[Collected data]
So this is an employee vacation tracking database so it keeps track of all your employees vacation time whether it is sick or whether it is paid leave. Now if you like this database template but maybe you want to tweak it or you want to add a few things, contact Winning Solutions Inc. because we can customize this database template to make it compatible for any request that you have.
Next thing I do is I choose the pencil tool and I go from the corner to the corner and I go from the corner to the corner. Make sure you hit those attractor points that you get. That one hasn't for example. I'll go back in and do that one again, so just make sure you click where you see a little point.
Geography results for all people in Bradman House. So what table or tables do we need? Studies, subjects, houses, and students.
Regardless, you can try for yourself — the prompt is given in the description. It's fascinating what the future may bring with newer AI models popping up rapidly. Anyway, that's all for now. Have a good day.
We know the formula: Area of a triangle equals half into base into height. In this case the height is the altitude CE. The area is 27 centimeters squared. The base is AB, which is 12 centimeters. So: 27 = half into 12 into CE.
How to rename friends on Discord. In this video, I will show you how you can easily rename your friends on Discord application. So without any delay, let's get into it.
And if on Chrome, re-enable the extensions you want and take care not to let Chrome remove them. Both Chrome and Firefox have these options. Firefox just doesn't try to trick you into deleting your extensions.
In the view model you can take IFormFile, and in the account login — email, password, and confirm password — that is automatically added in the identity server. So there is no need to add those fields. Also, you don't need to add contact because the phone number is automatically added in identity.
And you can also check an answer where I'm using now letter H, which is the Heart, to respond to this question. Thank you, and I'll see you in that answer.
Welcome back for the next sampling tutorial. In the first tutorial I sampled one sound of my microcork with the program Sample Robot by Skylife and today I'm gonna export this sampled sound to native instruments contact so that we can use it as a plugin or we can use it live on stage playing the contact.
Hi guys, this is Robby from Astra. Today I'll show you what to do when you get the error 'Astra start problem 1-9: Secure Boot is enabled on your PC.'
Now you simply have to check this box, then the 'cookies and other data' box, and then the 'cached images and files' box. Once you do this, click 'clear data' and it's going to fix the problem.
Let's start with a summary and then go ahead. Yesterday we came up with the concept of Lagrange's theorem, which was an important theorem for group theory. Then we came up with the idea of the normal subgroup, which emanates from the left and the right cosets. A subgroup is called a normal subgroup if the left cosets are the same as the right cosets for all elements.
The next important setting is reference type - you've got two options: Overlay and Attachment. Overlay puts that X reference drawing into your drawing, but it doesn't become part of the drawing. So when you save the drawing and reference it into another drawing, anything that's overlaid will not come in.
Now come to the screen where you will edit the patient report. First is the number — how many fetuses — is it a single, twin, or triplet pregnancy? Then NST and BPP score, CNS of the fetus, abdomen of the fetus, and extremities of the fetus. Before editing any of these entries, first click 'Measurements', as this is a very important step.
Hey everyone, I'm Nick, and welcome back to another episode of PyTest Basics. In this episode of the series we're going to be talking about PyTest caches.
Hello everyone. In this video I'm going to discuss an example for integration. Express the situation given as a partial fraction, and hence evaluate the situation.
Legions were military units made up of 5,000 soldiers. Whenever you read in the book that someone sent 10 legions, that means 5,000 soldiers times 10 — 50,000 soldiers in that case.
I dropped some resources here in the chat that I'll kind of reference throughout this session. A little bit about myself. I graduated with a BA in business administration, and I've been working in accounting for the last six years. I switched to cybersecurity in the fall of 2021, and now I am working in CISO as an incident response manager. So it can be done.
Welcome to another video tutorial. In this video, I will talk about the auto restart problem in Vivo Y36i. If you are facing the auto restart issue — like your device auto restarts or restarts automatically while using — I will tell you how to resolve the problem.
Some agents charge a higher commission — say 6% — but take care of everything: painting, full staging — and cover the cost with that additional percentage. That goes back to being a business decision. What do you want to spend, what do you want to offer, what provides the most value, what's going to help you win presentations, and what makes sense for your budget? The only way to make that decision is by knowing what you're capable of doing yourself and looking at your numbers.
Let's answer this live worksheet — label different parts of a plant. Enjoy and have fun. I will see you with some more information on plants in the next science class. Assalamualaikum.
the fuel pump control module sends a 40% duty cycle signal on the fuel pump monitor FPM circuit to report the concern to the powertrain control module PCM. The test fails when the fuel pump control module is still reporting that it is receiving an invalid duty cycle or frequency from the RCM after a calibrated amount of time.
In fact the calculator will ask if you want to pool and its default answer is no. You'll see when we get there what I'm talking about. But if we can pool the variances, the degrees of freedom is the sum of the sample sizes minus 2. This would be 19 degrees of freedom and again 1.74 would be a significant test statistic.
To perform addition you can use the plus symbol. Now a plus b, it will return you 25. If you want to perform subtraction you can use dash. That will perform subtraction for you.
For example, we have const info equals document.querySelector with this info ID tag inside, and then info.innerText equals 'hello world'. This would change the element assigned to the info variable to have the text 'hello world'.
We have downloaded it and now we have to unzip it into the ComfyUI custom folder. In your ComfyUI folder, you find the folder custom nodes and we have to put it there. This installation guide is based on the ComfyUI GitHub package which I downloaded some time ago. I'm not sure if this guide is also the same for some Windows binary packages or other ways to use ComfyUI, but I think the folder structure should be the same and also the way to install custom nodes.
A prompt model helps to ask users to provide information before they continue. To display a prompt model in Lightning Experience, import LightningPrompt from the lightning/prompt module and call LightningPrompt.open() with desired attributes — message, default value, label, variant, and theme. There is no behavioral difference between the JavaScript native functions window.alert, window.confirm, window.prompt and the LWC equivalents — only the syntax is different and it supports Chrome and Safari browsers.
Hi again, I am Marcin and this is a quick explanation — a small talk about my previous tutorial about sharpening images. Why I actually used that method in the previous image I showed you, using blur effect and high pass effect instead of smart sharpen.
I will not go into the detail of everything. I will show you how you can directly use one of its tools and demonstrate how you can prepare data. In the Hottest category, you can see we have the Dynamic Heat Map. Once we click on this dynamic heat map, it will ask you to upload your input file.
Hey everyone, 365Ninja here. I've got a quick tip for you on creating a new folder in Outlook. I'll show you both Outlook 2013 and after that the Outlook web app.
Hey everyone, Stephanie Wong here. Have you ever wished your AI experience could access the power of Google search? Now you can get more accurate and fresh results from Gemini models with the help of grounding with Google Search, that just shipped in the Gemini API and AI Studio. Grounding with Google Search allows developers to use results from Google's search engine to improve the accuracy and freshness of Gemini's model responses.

## [What to produce]
Write out exactly the lines that fall from the line with "We have downloaded" to the line with "A prompt model helps" in the records above, keeping both ends.

## [Exercise response]
We have downloaded it and now we have to unzip it into the ComfyUI custom folder. In your ComfyUI folder, you find the folder custom nodes and we have to put it there. This installation guide is based on the ComfyUI GitHub package which I downloaded some time ago. I'm not sure if this guide is also the same for some Windows binary packages or other ways to use ComfyUI, but I think the folder structure should be the same and also the way to install custom nodes.
A prompt model helps to ask users to provide information before they continue. To display a prompt model in Lightning Experience, import LightningPrompt from the lightning/prompt module and call LightningPrompt.open() with desired attributes — message, default value, label, variant, and theme. There is no behavioral difference between the JavaScript native functions window.alert, window.confirm, window.prompt and the LWC equivalents — only the syntax is different and it supports Chrome and Safari browsers.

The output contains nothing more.